I’ll just get this out of the way now–this book is not going to work for everyone! It has some flaws, yet I found myself really enjoying it. It’s very gothic, which is something I love in romances. I get to enjoy the tension of “who is a good guy/gal here” while still knowing that the romance will be happy in the end. Honestly, when I started the book I was worried I had accidentally stumbled into a non-romance gothic. I genuinely wasn’t sure there was going to be a happy ending. Rest assured readers, there will be a happy resolution, even if the path to get there isn’t quite what you expected!
Carolyn has returned to the home of her wealthy foster mother Sally McDowell to care for her while she’s dying of lung cancer. The rest of the wealthy, disgusting family also takes up residence during the vigil. While Sally shows her a certain amount of affection, the rest of the family treats Carolyn as a poor relation, and even at the start of the book Carolyn fully intends to cut them all out of her life once Sally dies. The family is thrown into turmoil, however, when Alexander McDowell, Sally’s long lost son, shows up. The problem is, Carolyn knows it can’t be Alex because she alone saw Alex die over a decade ago. So who exactly is this man claiming to be Alex? Is he a con man trying to get money, or is there something more going on?
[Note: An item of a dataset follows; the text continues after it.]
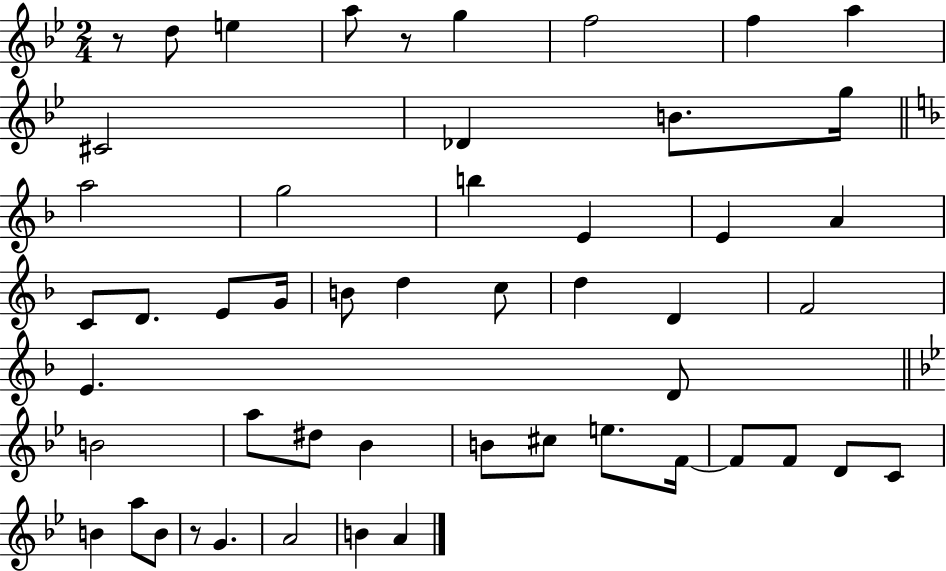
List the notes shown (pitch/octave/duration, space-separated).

R/e D5/e E5/q A5/e R/e G5/q F5/h F5/q A5/q C#4/h Db4/q B4/e. G5/s A5/h G5/h B5/q E4/q E4/q A4/q C4/e D4/e. E4/e G4/s B4/e D5/q C5/e D5/q D4/q F4/h E4/q. D4/e B4/h A5/e D#5/e Bb4/q B4/e C#5/e E5/e. F4/s F4/e F4/e D4/e C4/e B4/q A5/e B4/e R/e G4/q. A4/h B4/q A4/q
Carolyn and Alex have some interesting chemistry. Carolyn had been infatuated with the teenage Alex, even though he was an obnoxious, spoiled juvenile delinquent who acted horrible towards her. When he ran away at age 17 (and when she saw him get killed), she was devastated. Clearly there is a part of her that desperately wants to believe this man is the real Alex, and whoever he is she is still very attracted to him. Alex too is drawn to Carolyn against his better judgment. It created some of the great tension in the book, and it made their sexytimes a little more steamy than I expected. Alex, however, is kind of a dick, at least for much of the book. He’s smug, cocky, and selfish. These qualities definitely soften up later in the book, which made me question just how smug and cocky he really is, and what is all an act. Who is the real “Alex”? Part of what I enjoyed about this book was the complexities and mysteries of the characters! Some characters turn out to be much worse than they at first appeared, and others turn out better. I love this kind of psychological creepiness, rather than the supernatural creepiness gothic novels sometimes have.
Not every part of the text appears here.